## TASK TO COMPLETE
Compute how many lines in the data below contain "Premium"; answer only with that number.
── EXTRACTED DATA
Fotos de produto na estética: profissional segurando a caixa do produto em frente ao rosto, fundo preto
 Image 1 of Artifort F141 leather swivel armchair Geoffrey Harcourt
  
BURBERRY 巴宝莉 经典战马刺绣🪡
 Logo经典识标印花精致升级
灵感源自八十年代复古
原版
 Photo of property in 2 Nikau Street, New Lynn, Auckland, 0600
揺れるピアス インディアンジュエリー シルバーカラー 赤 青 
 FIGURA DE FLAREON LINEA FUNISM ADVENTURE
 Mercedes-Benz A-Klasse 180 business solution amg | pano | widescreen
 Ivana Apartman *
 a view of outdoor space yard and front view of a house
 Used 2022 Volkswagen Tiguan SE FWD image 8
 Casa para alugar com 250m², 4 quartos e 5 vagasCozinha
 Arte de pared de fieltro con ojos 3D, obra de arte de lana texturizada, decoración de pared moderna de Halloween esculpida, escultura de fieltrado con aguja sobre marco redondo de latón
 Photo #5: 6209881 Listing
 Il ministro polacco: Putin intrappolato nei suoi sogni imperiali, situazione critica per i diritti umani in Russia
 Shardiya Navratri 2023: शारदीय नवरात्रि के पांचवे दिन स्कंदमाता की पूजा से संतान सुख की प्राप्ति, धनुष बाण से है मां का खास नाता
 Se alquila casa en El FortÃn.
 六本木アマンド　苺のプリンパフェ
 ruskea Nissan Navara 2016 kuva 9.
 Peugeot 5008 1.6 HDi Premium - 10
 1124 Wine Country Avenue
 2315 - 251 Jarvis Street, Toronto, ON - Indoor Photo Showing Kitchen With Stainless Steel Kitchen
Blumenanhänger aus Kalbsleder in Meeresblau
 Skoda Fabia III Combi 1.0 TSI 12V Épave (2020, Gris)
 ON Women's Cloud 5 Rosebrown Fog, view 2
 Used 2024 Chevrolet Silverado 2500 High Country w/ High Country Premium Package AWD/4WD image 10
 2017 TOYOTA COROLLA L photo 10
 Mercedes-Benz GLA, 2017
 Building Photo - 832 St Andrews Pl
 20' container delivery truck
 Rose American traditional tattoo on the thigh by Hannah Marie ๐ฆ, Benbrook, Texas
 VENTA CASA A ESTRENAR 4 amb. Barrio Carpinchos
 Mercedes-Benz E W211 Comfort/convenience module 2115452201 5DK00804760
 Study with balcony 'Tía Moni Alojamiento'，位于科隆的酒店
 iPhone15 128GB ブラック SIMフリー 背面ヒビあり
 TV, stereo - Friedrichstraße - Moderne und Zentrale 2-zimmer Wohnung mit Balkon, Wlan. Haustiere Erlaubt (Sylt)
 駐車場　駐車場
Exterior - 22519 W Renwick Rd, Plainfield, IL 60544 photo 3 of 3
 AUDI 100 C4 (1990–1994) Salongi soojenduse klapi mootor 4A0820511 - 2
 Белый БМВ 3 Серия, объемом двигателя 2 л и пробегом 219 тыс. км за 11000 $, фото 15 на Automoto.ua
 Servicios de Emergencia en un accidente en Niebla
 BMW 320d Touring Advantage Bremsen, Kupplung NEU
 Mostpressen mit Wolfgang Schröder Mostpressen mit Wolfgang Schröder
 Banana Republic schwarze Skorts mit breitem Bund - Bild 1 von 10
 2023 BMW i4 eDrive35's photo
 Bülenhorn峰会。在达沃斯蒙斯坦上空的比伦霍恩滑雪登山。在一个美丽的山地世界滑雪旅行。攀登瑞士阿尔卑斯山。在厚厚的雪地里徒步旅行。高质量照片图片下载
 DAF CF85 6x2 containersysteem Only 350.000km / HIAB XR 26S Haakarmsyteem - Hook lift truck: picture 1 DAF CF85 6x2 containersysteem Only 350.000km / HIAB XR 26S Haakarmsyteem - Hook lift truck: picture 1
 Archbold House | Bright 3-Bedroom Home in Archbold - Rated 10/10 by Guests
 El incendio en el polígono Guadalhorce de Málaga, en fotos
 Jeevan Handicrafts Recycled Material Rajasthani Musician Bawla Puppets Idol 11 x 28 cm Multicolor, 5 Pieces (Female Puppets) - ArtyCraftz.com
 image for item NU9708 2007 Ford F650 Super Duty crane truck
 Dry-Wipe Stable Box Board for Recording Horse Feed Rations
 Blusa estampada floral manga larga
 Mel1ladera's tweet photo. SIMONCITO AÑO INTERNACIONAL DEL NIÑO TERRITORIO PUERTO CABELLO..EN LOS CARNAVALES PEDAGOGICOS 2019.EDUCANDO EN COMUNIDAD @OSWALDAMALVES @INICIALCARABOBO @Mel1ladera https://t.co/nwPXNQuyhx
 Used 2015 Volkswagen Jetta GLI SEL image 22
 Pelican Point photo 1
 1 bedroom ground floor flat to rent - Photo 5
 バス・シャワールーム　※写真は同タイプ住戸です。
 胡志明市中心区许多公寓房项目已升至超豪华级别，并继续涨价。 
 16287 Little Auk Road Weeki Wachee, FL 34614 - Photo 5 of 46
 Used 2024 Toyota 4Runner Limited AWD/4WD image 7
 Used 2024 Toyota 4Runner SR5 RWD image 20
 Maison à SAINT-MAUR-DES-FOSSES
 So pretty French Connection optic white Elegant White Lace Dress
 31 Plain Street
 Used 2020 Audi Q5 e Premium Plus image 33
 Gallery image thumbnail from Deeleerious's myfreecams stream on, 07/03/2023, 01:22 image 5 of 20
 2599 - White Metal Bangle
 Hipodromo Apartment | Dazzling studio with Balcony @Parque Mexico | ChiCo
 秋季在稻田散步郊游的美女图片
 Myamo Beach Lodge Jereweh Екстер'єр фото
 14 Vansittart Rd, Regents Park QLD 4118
────
## EXERCISE RESULT
3